Ryan Lewis (born April 15, 1994) is an American football cornerback for the San Antonio Brahmas of the XFL. He played college football at the University of Pittsburgh. He was signed by the Arizona Cardinals as an undrafted free agent and has been a member of the New England Patriots, Buffalo Bills, Indianapolis Colts, Philadelphia Eagles, Miami Dolphins, Washington Football Team, and New York Giants.

College career
Lewis attended the University of Pittsburgh, where he played for head coach Paul Chryst, Joe Rudolph, and Pat Narduzzi in his four seasons.
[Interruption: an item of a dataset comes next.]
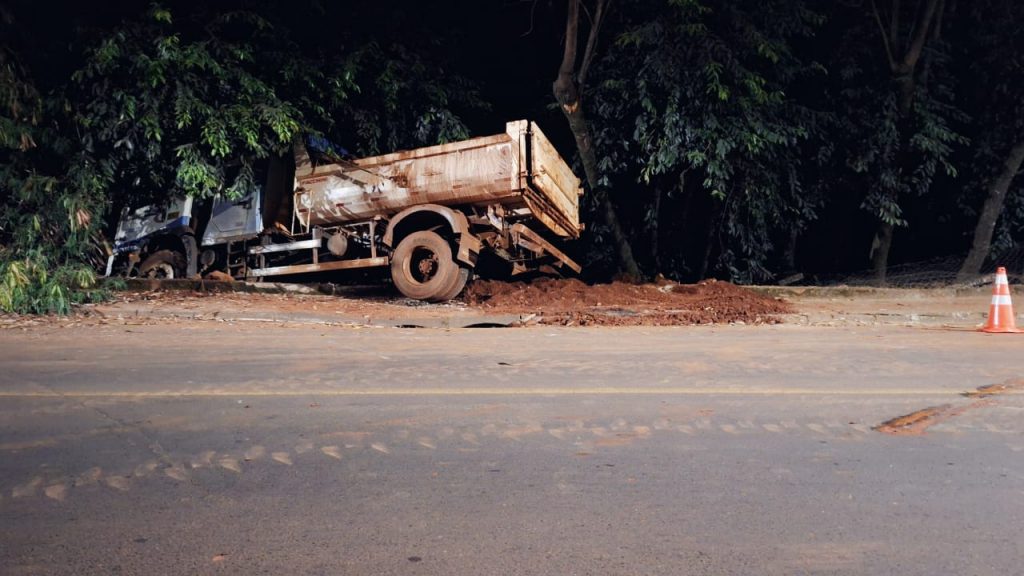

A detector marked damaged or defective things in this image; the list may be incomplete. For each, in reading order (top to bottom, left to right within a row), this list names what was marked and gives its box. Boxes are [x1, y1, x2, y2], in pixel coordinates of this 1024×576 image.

damaged truck cab [110, 120, 584, 302]
crashed dump truck [110, 121, 584, 302] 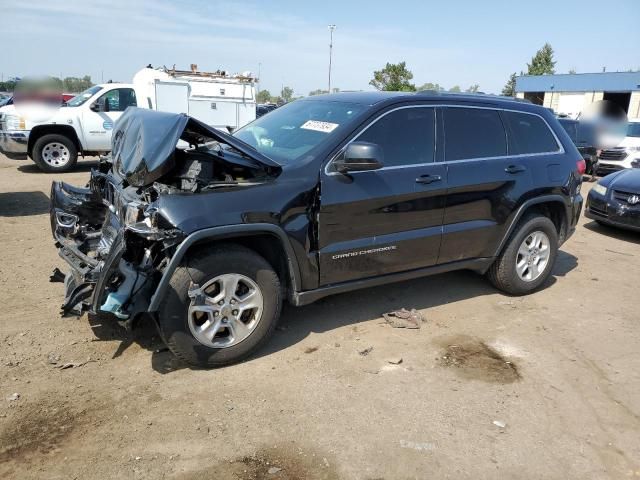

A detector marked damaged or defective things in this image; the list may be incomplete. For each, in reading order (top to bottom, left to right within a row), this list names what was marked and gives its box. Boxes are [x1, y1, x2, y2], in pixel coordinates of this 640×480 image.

damaged hood [110, 108, 280, 187] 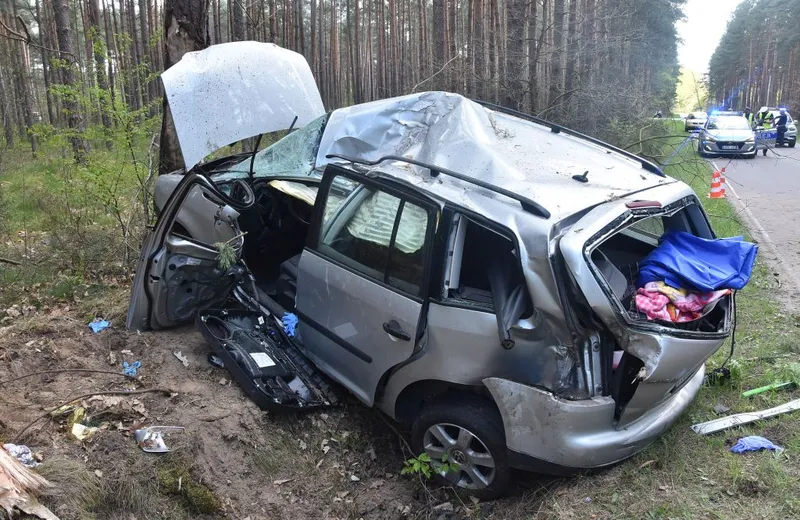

He recorded two interceptions his senior season, including one off of future-NFL quarterback Deshaun Watson in a 43-42 upset win over the then-#2 Clemson Tigers, and clinching the Panthers' victory over Pitt's rivals, the Penn State Nittany Lions.

Professional career

Arizona Cardinals
Lewis was signed by the Arizona Cardinals as an undrafted free agent on May 2, 2017. He was waived on September 2, 2017 and was signed to the practice squad the next day. He was released on September 12, 2017.

New England Patriots
On September 13, 2017, Lewis was signed to the New England Patriots' practice squad. With the Patriots, he made Super Bowl 52, but lost to the Philadelphia Eagles 41-33. He signed a reserve/future contract with the Patriots on February 6, 2018.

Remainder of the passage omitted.